1.       I absolutely loved this extended essay about the obscure economist Nathaniel Leff, his surprisingly prescient analysis of Brazil’s economic history (yes, prescient: he postulated things the data couldn’t tell him, but with modern statistical techniques, we’re finding that many of his postulates were true), and his sudden disappearance from academia. It takes in economics, friendship, religion and discrimination, with a nice excursion into the political economy of research: why do people wind up doing the research they do? There’s a blink-and-you’ll-miss-it cameo from Albert Hirschman, too, about whom one day a movie must be made: the economist who fought in the Spanish Civil War and rescued refugees in occupied France.

2.       Another excellent long read about a very different character: Russ Roberts, the libertarian who lets the left talk, and gave Keynes a fair hearing in a battle rap with Hayek (no, that’s not a joke, it’s awesome). I like Russ. I’m no libertarian, but I share his belief that economics is far too important to be the preserve of a few geeks who can think in abstract mathematics; and I believe that people need to understand things, not just know them. Tony Atkinson makes the same point in his book, Inequality: facts do not change minds if those minds are harbouring a strong theoretical construct that those facts don’t agree with. You have to explain to them why the facts are what they are, and that’s the principle behind almost all of the writing I do.

3.       One of the things about understanding things is that it’s not good for the ego. Getting the framing right usually involves being wrong for most of the time you think about a topic, but becoming less wrong over time. Christie Aschwanden at 538 has been documenting this process for scientific inquiry as a whole, and her latest piece has a great title: Failure is moving science forward.

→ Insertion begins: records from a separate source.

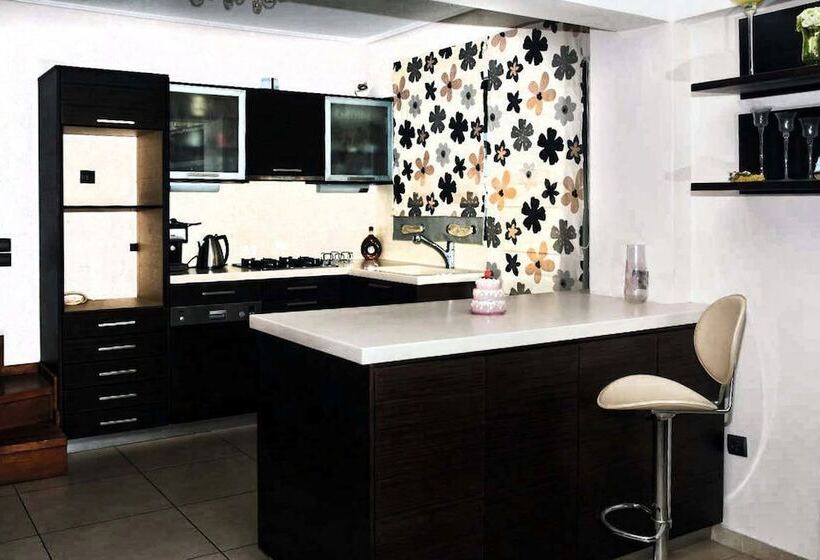 City & Sea Two Floor Flat With View Next To Metro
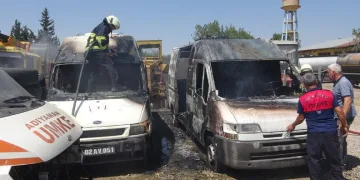 Yaşları küçük çocuklar ambulansları yaktı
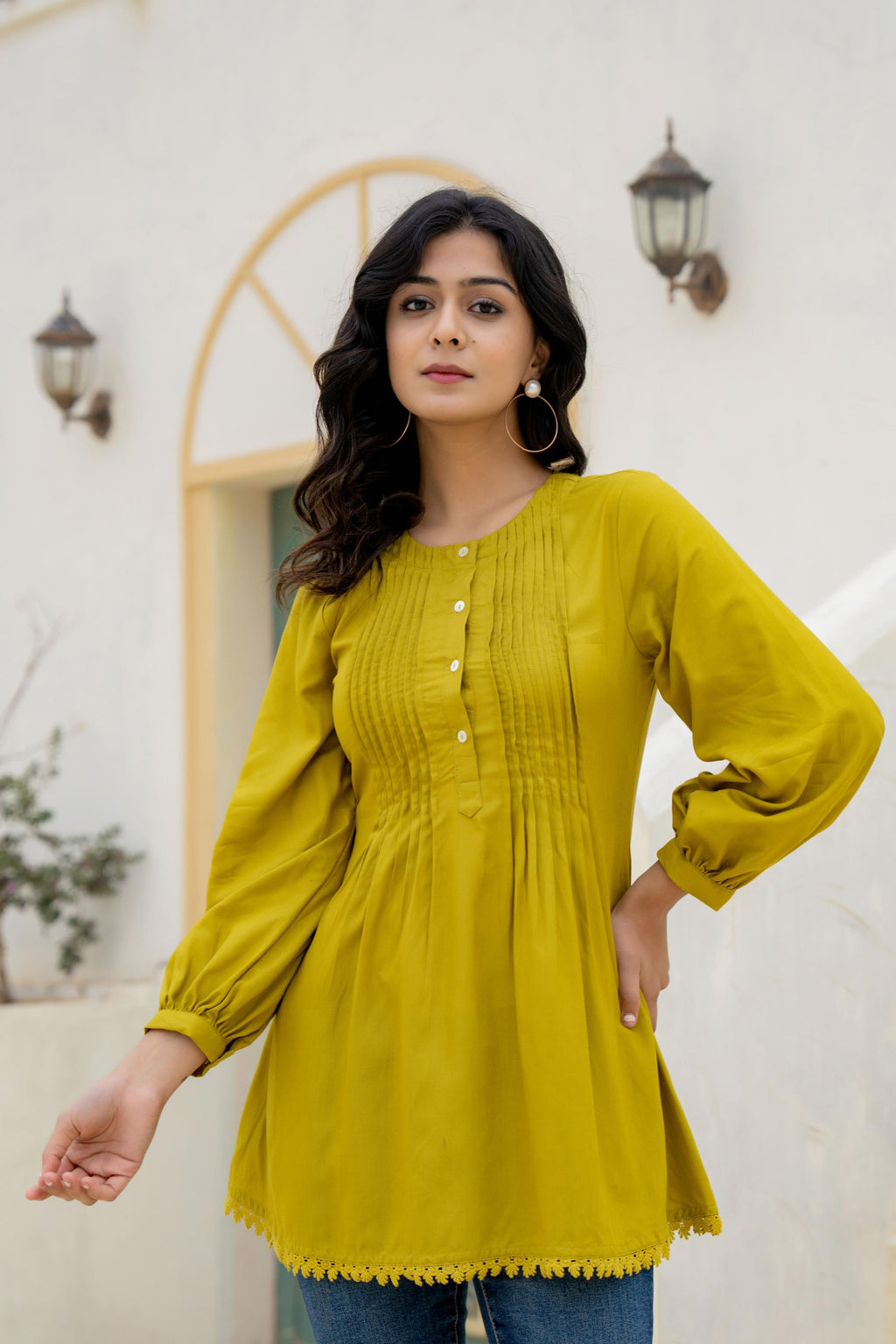 Juniper Lime Solid Viscose Tunic With Buttons & Lace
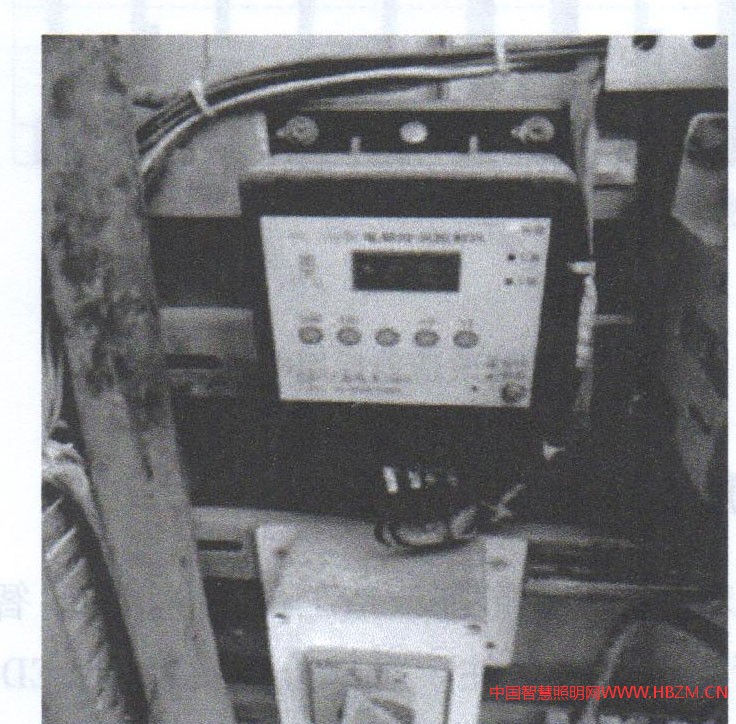 圖5經(jīng)緯時(shí)控器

4.       Of course, geekery is also driving science forward, and Dave Evans applies his very special brand of concision and precision to the CSAE Conference summarising what seems like 120 papers in one sentence each (part 2). A brilliant whirlwind tour of the latest research, but don’t forget to click through on the ones that catch your eye, especially if they disagree with your priors.

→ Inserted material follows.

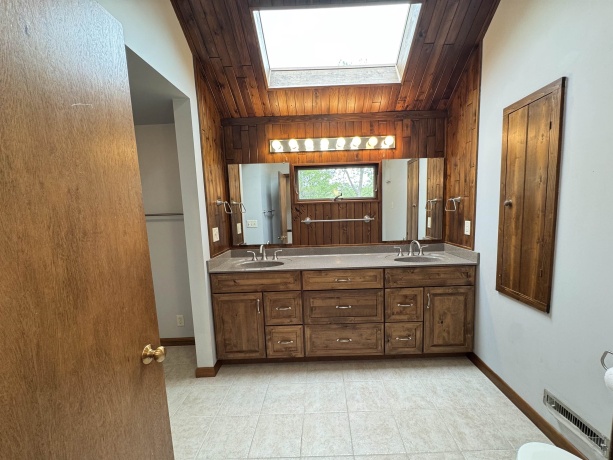 25303 Spring Valley, SHANNON, Illinois 61078, 3 Bedrooms Bedrooms, ,2 BathroomsBathrooms,House,For Sale,Spring Valley,202602873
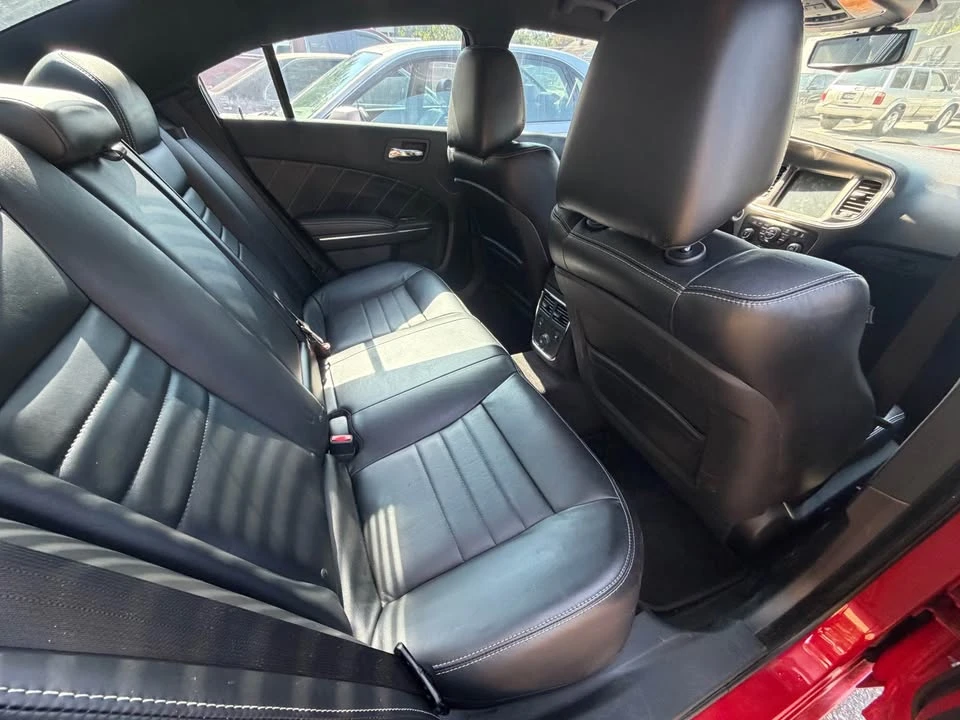 2012 Dodge Charger 7th Gen - Image 4 of 16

5.       Oh, god, it’s a sweet feeling when your priors are not only confirmed, but given a Presidential medal, high-fived by John Lennon on the left hand and Lemmy on the right, and awarded a UN pension in perpetuity (this may be an over-reaction). Cherokee Gothic reports on a potentially very significant methodological flaw in the literature on institutions in year dot and current income levels. What, you mean the number of mosquitos in 1687 isn’t the primary determinant of our incomes three hundred years later? My god, how?!

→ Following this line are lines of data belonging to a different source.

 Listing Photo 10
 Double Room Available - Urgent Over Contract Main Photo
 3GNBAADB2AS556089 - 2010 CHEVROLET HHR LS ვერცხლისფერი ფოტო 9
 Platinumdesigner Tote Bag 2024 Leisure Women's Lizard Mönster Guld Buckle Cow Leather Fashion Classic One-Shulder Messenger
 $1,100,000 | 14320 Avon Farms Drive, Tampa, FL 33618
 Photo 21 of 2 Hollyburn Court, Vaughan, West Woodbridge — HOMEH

6.       Speaking of UN pensions, and having once worked for UNDP (though, in my defence, I was deployed as TA to a Government), this is horrifyingly familiar. Senior UN official leaves because of the bureaucratic black hole that sucks in money, dreams and good intentions. My only comment is that he was extremely lucky if he found recruitment as quick as 213 days there.

7.       Yeah, so this is kind of scary: we may already be locked in to the bad-case-scenario for climate change. I should have checked my discount rates 12 years ago.

8.       Risk diversification 101, World Series of Poker edition.

9.       Lastly, because I want to be a happy person and I’m about to have three glorious days off, two links that made me smile hopelessly: the Guardian has picked up LitHub’s wonderful Interview with a Bookstore series, and Hull Libraries tweets about some of the odder jobs reported in the 1881 Census. Is ‘Proprietor of midgets’ basically ‘Owner of the Golden State Warriors’?

 Have a great long weekend, everyone!